Ben Valentine : Photographing the Forgotten Vietnamese Widows of Japanese WWII Soldiers (original) (raw)

[ndlr] Signalement d’un article intéressant sur une exposition photographique de Phan Quang à Ho Chi Minh-Ville.

When we talk about Japan and Vietnam in the 1940s, we discuss World War II, invasions, colonialism, and other monumental events that unfolded in this part of the world, but sent ripples across the globe. These grand historical narratives are crude tools used to summarize — but that never fully explain — what happened. In Vietnam, as in most countries, the way we remember such histories is embedded with propaganda. The stories we don’t tell, the names we forget, the people we don’t eulogize are greater in number by far than the ones we do.
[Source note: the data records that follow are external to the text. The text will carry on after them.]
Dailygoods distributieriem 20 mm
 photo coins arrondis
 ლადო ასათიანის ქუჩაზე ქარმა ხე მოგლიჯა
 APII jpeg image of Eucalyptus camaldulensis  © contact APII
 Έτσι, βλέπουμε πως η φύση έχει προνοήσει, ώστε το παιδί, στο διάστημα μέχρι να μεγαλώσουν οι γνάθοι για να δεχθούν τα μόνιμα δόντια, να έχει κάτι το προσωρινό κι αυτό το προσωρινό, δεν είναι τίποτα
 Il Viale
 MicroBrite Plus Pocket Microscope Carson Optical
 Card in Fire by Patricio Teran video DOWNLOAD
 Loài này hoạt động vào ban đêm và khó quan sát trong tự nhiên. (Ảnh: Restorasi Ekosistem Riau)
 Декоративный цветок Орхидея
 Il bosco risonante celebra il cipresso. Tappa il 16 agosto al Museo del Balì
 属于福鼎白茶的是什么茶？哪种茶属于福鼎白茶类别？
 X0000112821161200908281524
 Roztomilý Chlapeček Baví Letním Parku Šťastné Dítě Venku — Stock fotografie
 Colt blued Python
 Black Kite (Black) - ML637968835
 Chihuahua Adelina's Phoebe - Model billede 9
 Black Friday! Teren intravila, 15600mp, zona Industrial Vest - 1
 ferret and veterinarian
Vietnamese conceptual artist Phan Quang’s new series on view at Ho Chi Minh City’s Blanc Art Space, Re/Cover, is an evocative micro-history lost to most textbooks, but important nonetheless.

In 2011, Phan began researching Vietnamese women who had children with Japanese soldiers between 1940 and 1955. Although Japan was defeated and officially left Vietnam in 1945, some soldiers stayed behind until 1954–55, when their government demanded their return. Within that short window of time, when the whole world was at war and then struggling to rebuild, some Vietnamese women and Japanese soldiers fell in love and had children. While Vietnamese history decries and demonizes the invasion, and would try to ostracize these children as the products of prostitution or rapes by invaders, Phan began to find very different stories, many of them touching stories of love and remembrance, stories that did not fit into the dominant narrative.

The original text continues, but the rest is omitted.